Eventually the steep grade eased up a bit and I was able to get back onto the bike. Stopped at the Thunder Creek Falls and saw Dan and Hamish again at Fantail Falls.

Thunder Creek Falls


Green, green, green!

The final climb was anticlimactic compared to the initial steep ascent. Too bad all that climbing didn't give us much of a downhill on the other side. But I did get my top speed up to 72 kph (45 mph).

Mike, George, Jim, Dan, Hamish at Haast Pass


The last stretch of very different landscape
was straight as an arrow to Makarora

Still cloudy and cool as we rode into Makarora. George wanted a cabin, so we're in an A-frame cabin. Basically the town ins the motor camp. Had a pretty good AYCE dinner buffet before heading for bed.

The only problem is that it stays up so long, sitting around 10PM. Hard to get used to.

1/20/06 Haast NZ

125.3 km / 965 km total

Another beautiful morning but it was still very cold. I took a chance and didn't wear any socks with my bike sandals. In the sun, it was fine, but most of the morning we were in the shade so my toes were pretty numb.

Crossing a suspension bridge


Mountains hung over us all morning

Actually made great time, averaging 20 kph all morning. Lots of creeks and river crossings, several on one-lane suspension bridges. Only a few more glimpses of snow peaks but the mountains were still impressive.

We rode along the coast most of the day. Our guide on the glacier said that the mountains were only 20 km from the sea.

The forest barely gives way to the road

It wasn't guidebooks, but we stopped for lunch on the Salmon Farm Cafe. Good homemade food. And you could even feed the salmon. Along side the fishnet pens, you could also see huge wild Brown Trout.

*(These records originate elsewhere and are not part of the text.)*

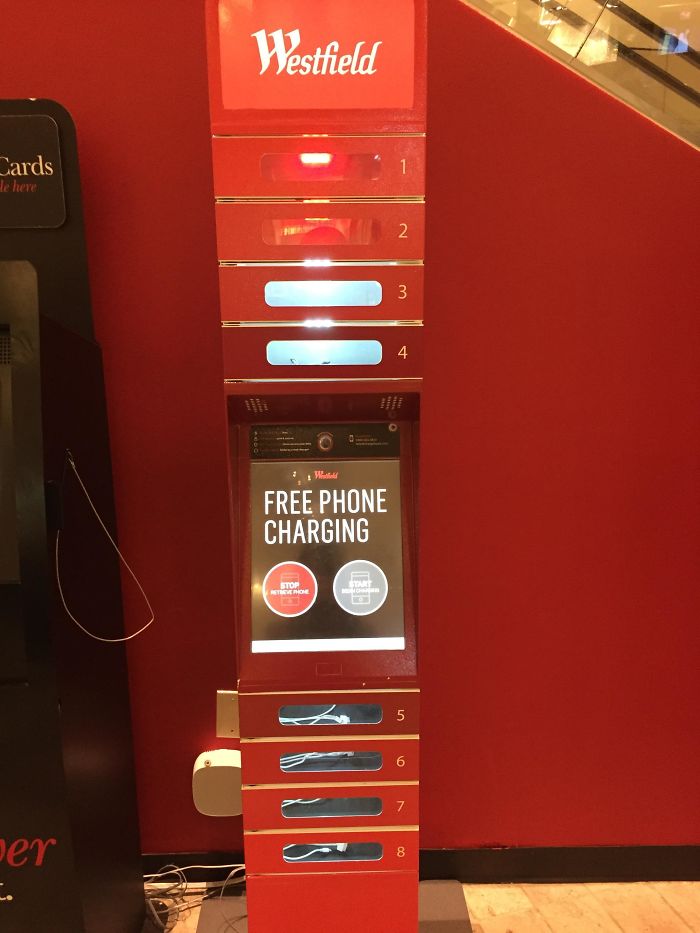 This Mall Has A Charging Station Where You Can Leave Your Phone There So You Can Shop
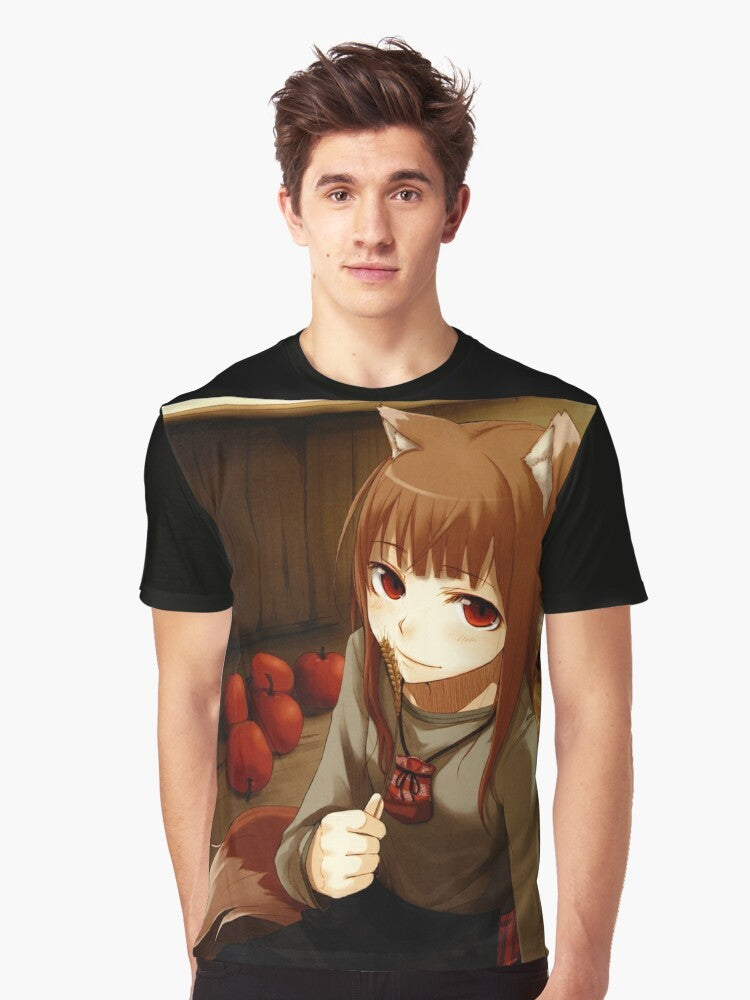 Horo, the wise wolf from the anime Spice and Wolf, featured on a graphic t-shirt design. - Men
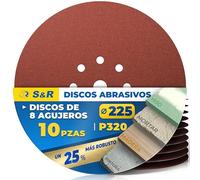S&R 10 Discos de Lija en Papel Abrasivo Ø 225 mm/Grano 320 para Lijadora jirafa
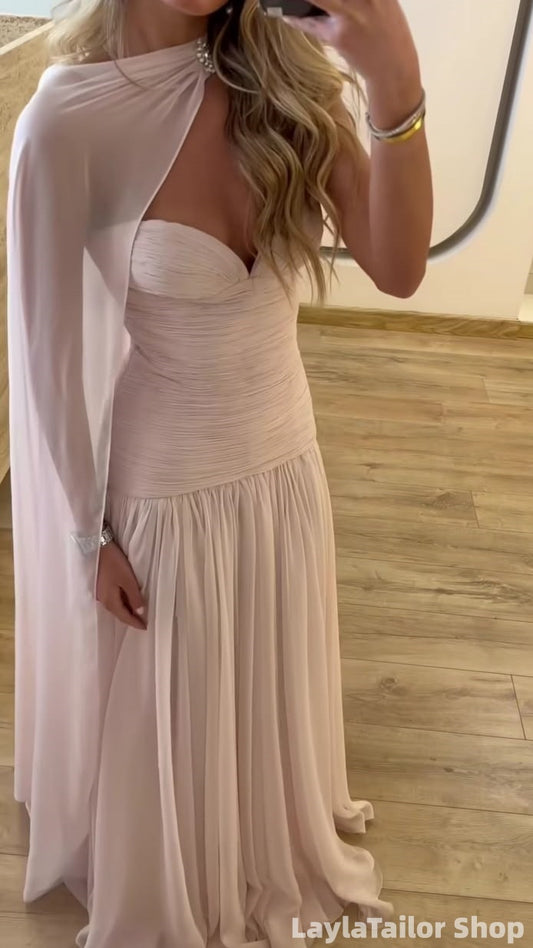 Light Pink Mermaid Chiffon Long Prom Dress LTP82603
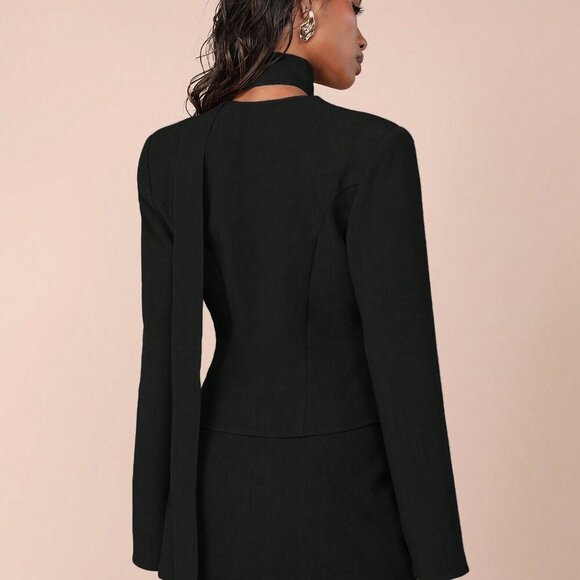 Black Casual Women's Long Sleeve Jacket & Pencil Skirt coord set - Picture 2 of 7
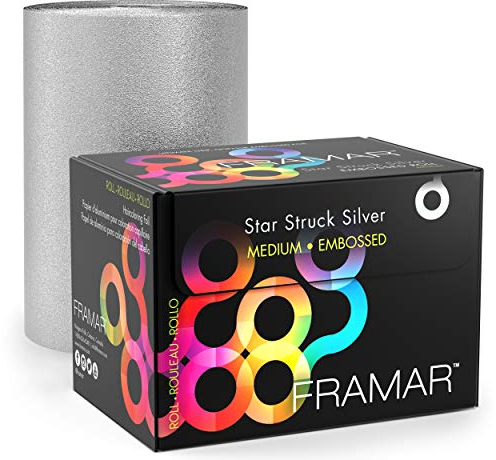 Framar Silver Embossed Roll Hair Foil, Hair Foils for Highlighting, Foils for Highlights, Hairdressing Foil for Hair Highlights, Highlighting Foil, Framar Foil Sheets, Hair Foils for Colouring – 320ft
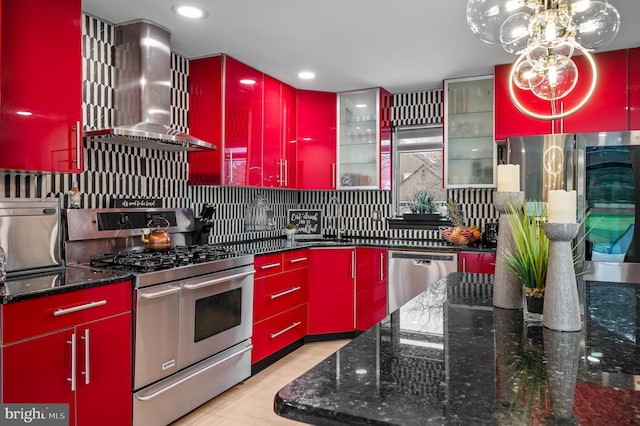 110 Rue Du Boise, Cherry Hill, NJ 08003 - kitchen featuring red cabinets, appliances with stainless steel finishes, wall chimney range hood, and recessed lighting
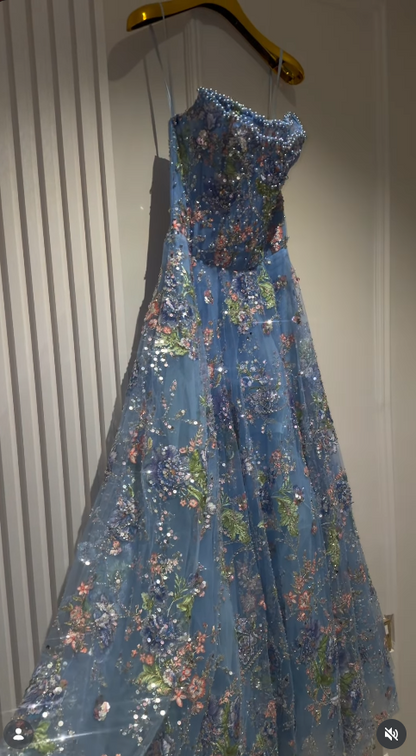 Fairy  A-Line Beaded Tulle Long Evening Dress Blue Prom Dress DP08090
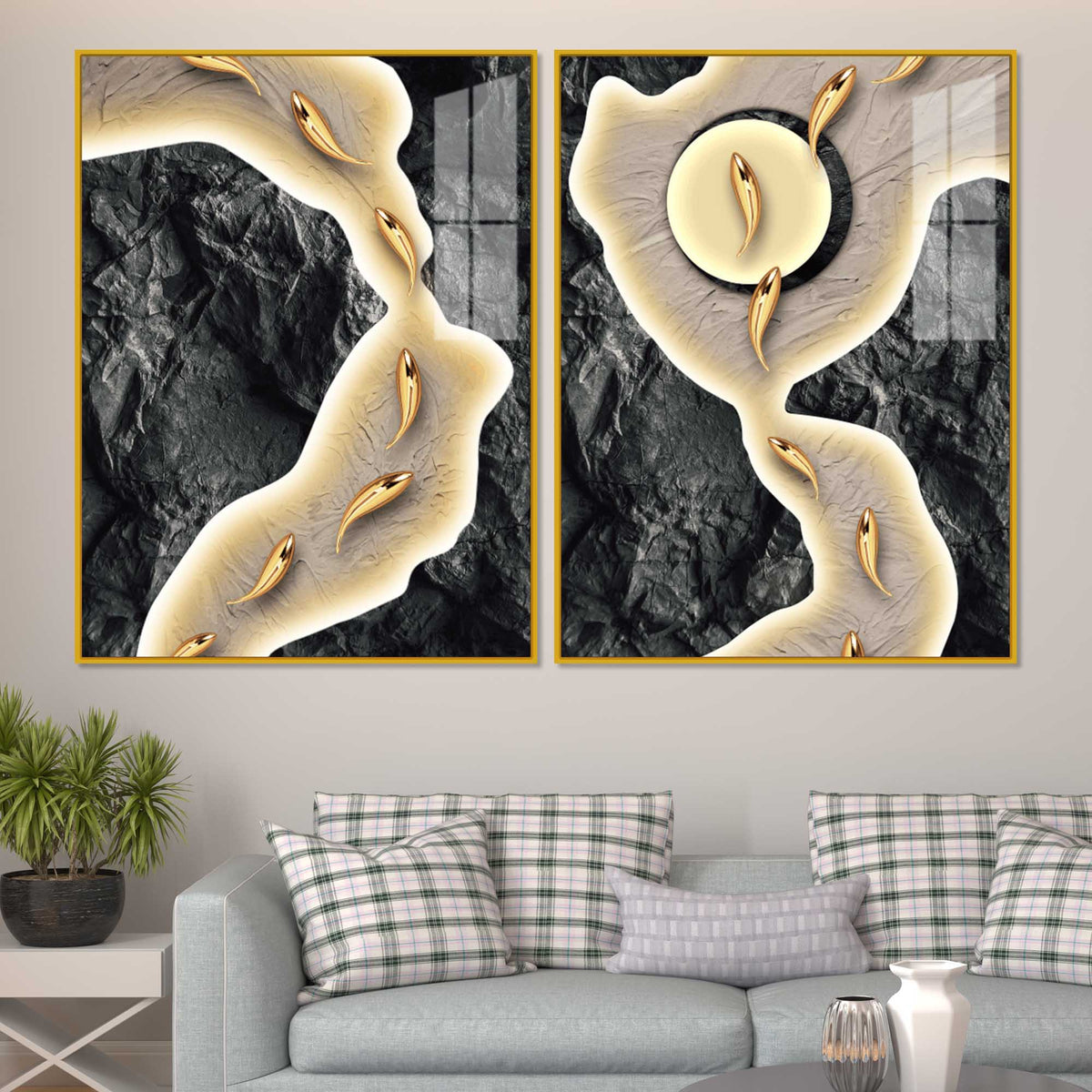 Luxury Marble Stream Abstract Acrylic Floating Wall Painting Set of 2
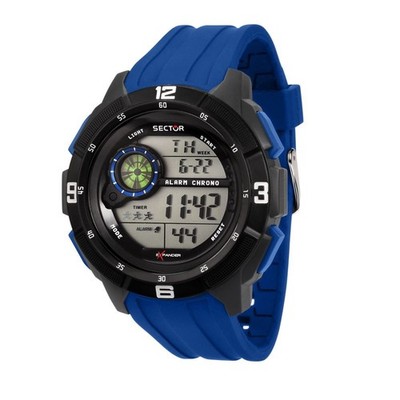 SECTOR Ex-04 Digitale Herrenarmbanduhr Schwarz Blau 54 mm R3251535002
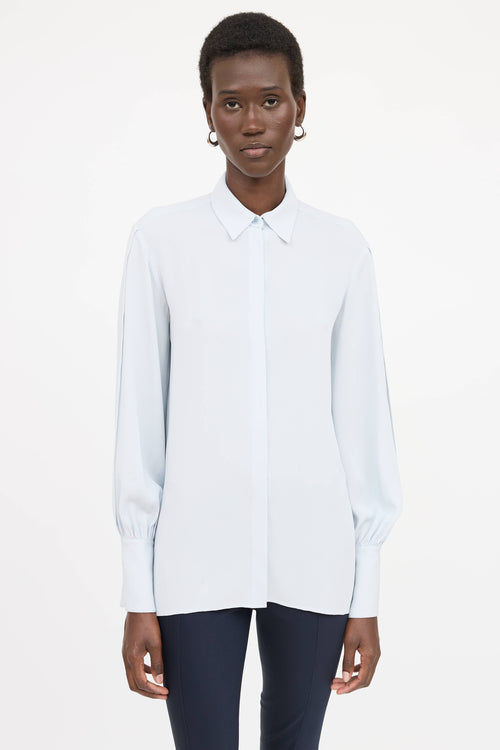The Row Silk Button Up Top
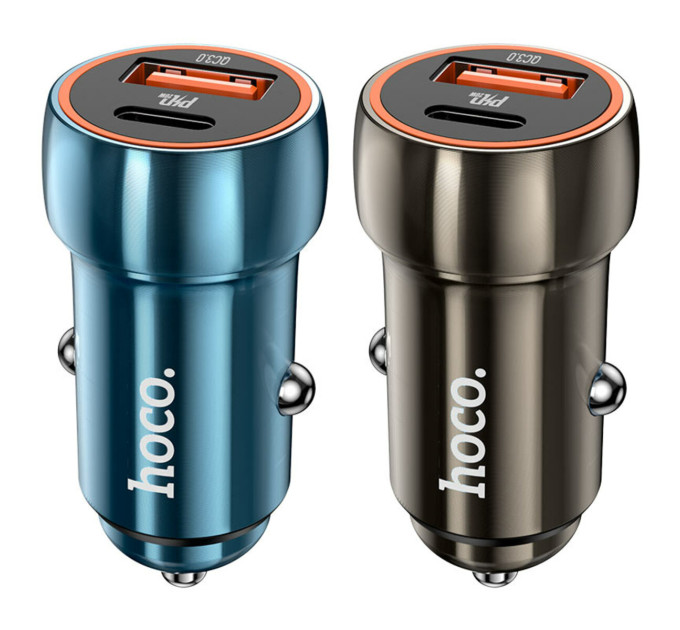 Автомобільний зарядний пристрій HOCO Z46A Blue whale PD20W+QC3.0 car charger set(Type-C) Metal Gray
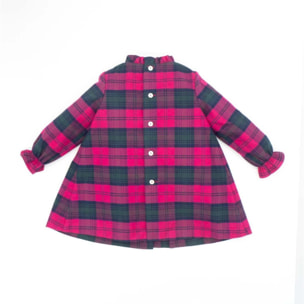 Vestido a cuadros fucsia con lazo en terciopelo verde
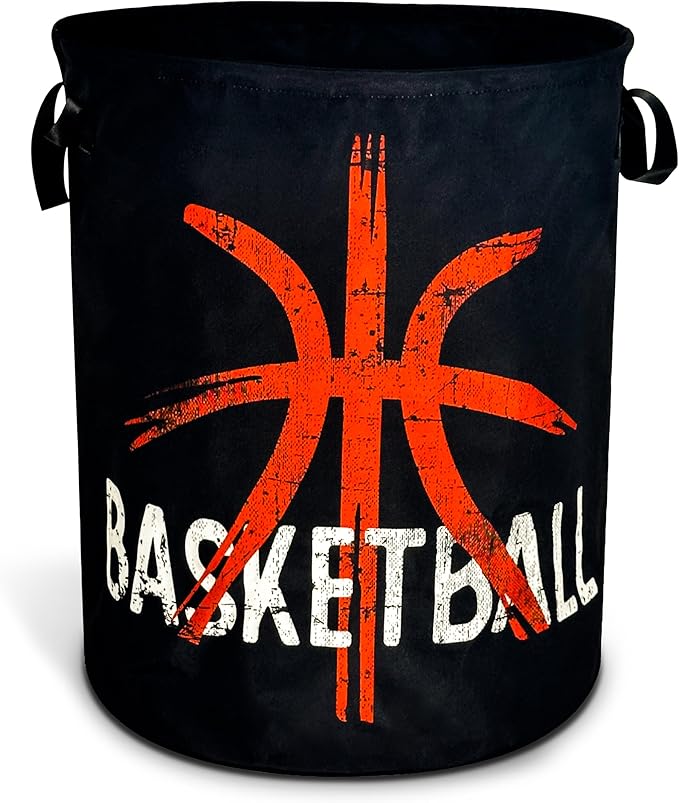 Basketball Laundry Basket Ball Foldable Oxford Cloth Funny Tote Bag Laundry Hamper Clothes Storage Bucket Organizer For Bathroom/Laundry Storage/Bedroom 17.7x13.7 Inch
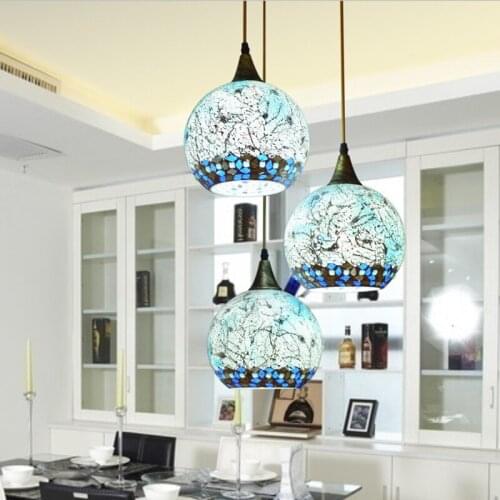Mediterranean Bohemian Style Glass Lampshade Pendant Light Suspended Luminaire Corridor For Bedroom Lamp luminaire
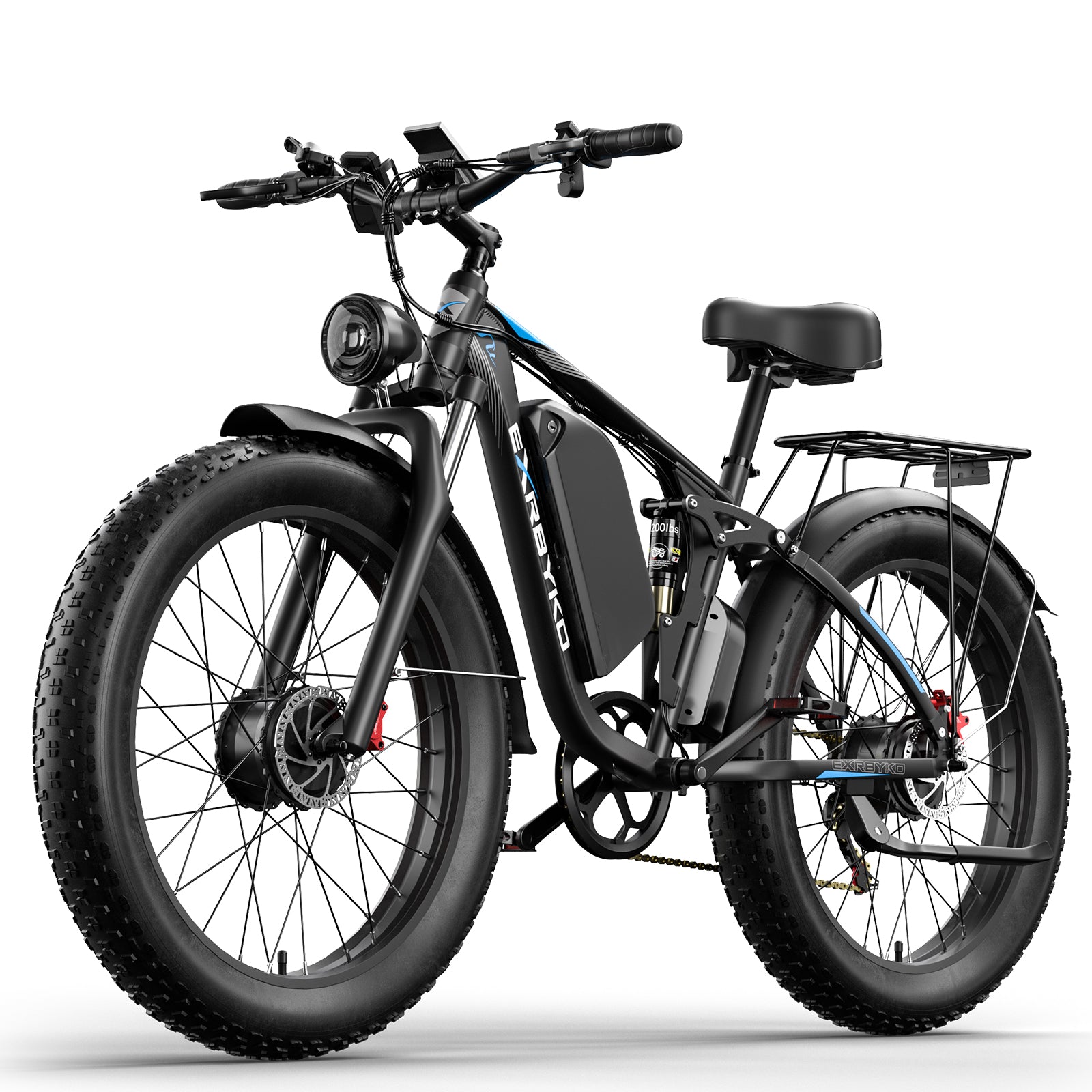 EXRBYKO EX-R05 3000W Peak Dual Motor 26" Full Suspension Fat Tire Electric Bike-4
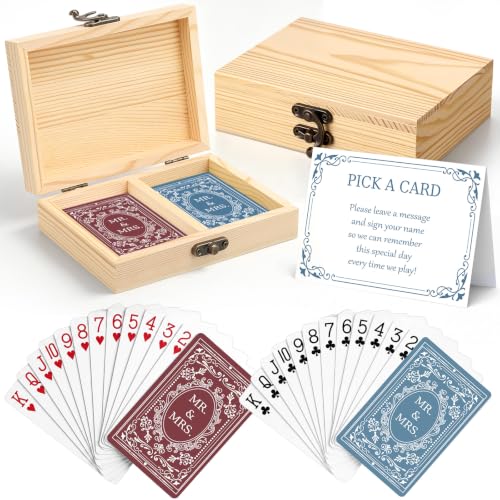 Wedding Guest Book Playing Cards Set with Wooden Box - 108 Blue & Red Variations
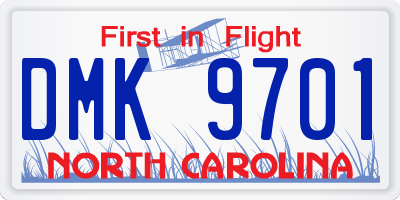 NC license plate DMK9701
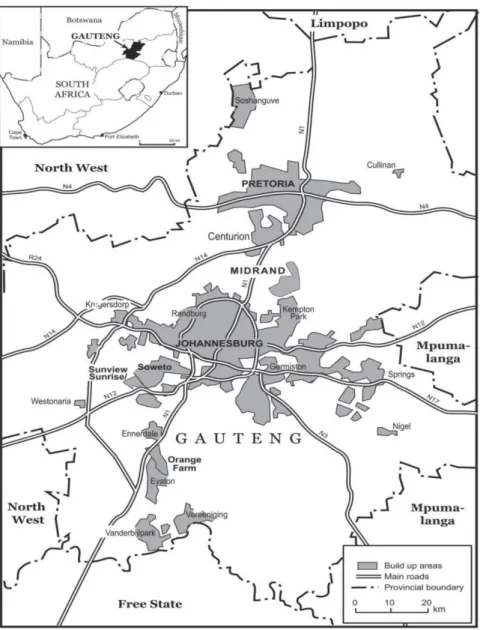 Figure  n°3,  carte  de  Johannesburg  dans  le  Gauteng,  auteur  :  K.  Lévy,  adaptée de D
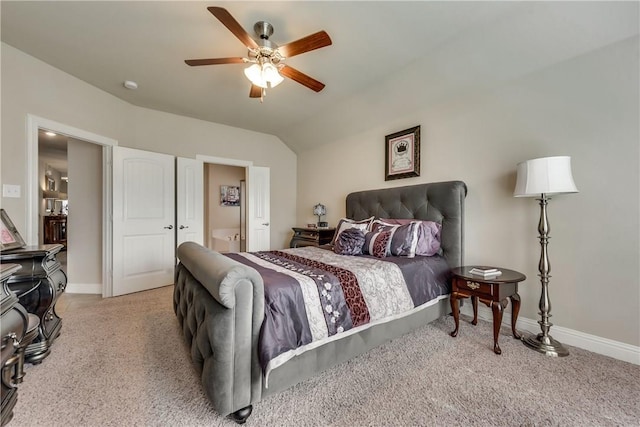 3804 Tunstall Dr, Frisco, TX 75036 - bedroom featuring light carpet, baseboards, ensuite bath, vaulted ceiling, and ceiling fan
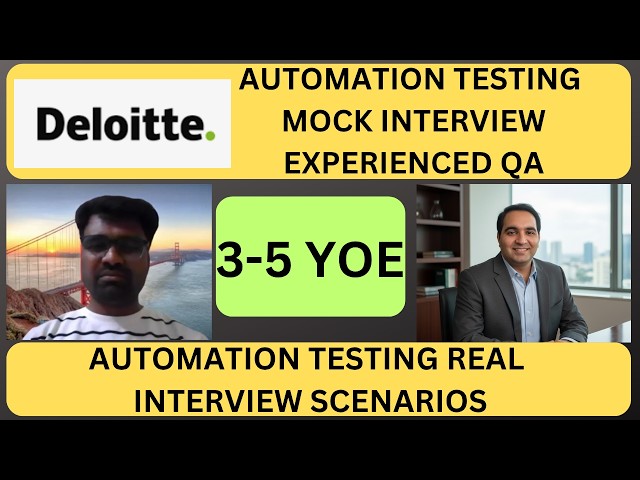 Automation Testing Interview Experience | Real-Time QA & SDET Interview Preparation 2026
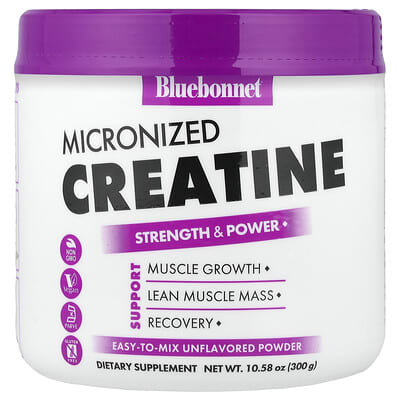 Bluebonnet Nutrition, Micronized Creatine Powder, Unflavored, 10.58 oz (300 g)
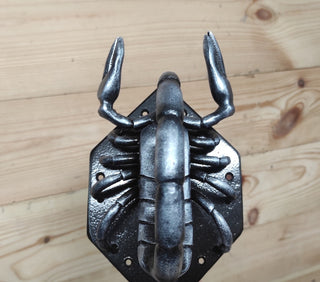 Hand Forged Scorpion Door Handle: Unique Iron Barn Door Pull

Naturally, after filling our bellies, we had a series of climbs. At the top of one was Knight's Point Lookout. Spectacular view. But the last climb sure was a killer. After that it was only 25 km to town.

More riding up and down the coast


Tomorrow we start to go up through there

Since there wasn't anyplace to camp, we decided to stay at the backpackers. This is only our second try with these private hostels, but this one was another really good one, complete with an atrium lounge.

After dinner, we met Thomas and Rahel from Switzerland who have been cycling New Zealand for two months. They only have ten days left.

Cyclists Rahel & Thomas (Switzerland)

Just as we arrived in town, we saw Dan and Hamish as they were leaving. Hopefully we'll be camping with them in Makarora tomorrow night.

The big news today was I was laid off. Actually my whole department was. My boss sent me an email but I won't know the details of my severance until I go home. Or I could stay. Dan and Hamish said they'd love to have me along with them if I wanted to continue my ride after Mike and George head home. I'll think about it.